The 7-foot Towns will be the easy choice to be named the rookie of the year after winning the Western Conference rookie-of-the-month award in the first four months of the season.
The 20-year-old center has certified his talent. He's tied for eighth in the league in rebounding (10.3 per game), tied for sixth in double-doubles (37) and ninth in blocks (1.77), while averaging 17.7 points, shooting 54.5% from the field and making 82% of his free throws.
Yeah, he's the best in his draft class.
When the Knicks selected Porzingis, their fans howled in protest. But the 7-3 Latvian has shown considerable talent on the court and a star's personality off it — in media-crazed New York, no less.
Porzingis won the Eastern Conference rookie-of-the-month award the first three months of the season.
He plays defense (1.88 blocks per game, tied for seventh in the league), can shoot the three-ball (33.2%), make his free throws (84.8%) league), rebound (7.2, second-best on the Knicks) and score (14.0 points per game, second on the Knicks).

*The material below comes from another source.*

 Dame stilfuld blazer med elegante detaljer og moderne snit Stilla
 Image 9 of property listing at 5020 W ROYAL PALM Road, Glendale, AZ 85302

Last spring Okafor was high on the Lakers' radar, and was the player many Lakers fans wanted them to draft after he led Duke to the NCAA championship.
But the Lakers passed on the 6-11, 275-pound center with big hands and a solid game down low, letting him go to the 76ers instead.
Okafor led the 76ers in scoring (17.5) and was second in rebounds (7.0) before a right knee injury ended his season after playing in 53 games.
"Every year we talk about trying to find talented big men," said a talent evaluator for a Western Conference team. "Well, Okafor and Porzingis are both talented big men. You can always find guards."
The athletic 6-7 Winslow is more of a defensive presence, his versatility allowing him to defend several positions. He scores most of his 6.1 points per game in transition, and his 5.3 rebounds in a reserve role are fourth-best on the Heat.
Turner has come on so strong for the Pacers that he took the starting power forward position away from Lavoy Allen.
The 19-year-old Turner missed 20 games earlier in the season with a left thumb injury. But he just kept putting up numbers, and now is averaging 10.4 points, 5.1 rebounds and 1.48 blocks on the season.
As for the Lakers, maybe Coach Byron Scott was right to bench the confident — some would say cocky — Russell 20 games into the season. But the brash 20-year-old never wavered, and the proof is in how Russell has responded since going back into the starting lineup after the All-Star break.
And it's more than just the 21.0 points on 47.4% shooting, 4.8 assists and 3.2 rebounds Russell has averaged in his last 10 games. It has been his swagger — and his improved all-around play.
The 7-foot Cauley-Stein's shot-blocking (1.0 per game) and ability to step out on the perimeter have proved he's a good defender for Sacramento.
Denver's Mudiay was the third guard selected in the June draft. On Thursday he scored a career-high 30 points against Phoenix, but Mudiay has struggled with his shot and decision-making. This season he's making 35.4% of his shots and 29.9% of his three-point attempts and has turned the ball over 3.3 times per game.
Detroit's rookie forward Johnson has averaged 8.9 points and 4.2 rebounds, mostly as a reserve.
Meanwhile, all the injuries in Phoenix have allowed Booker time to thrive in the backcourt. He dropped a career-high 35 points against Denver on Thursday and has scored in double figures in 28 of his last 31 games.
"It's difficult, especially with a young player, to come right out and say, 'This is what this guy is going to be,'" a scout for a Western Conference team said. "You cannot judge these kids so definitively until three or four years out."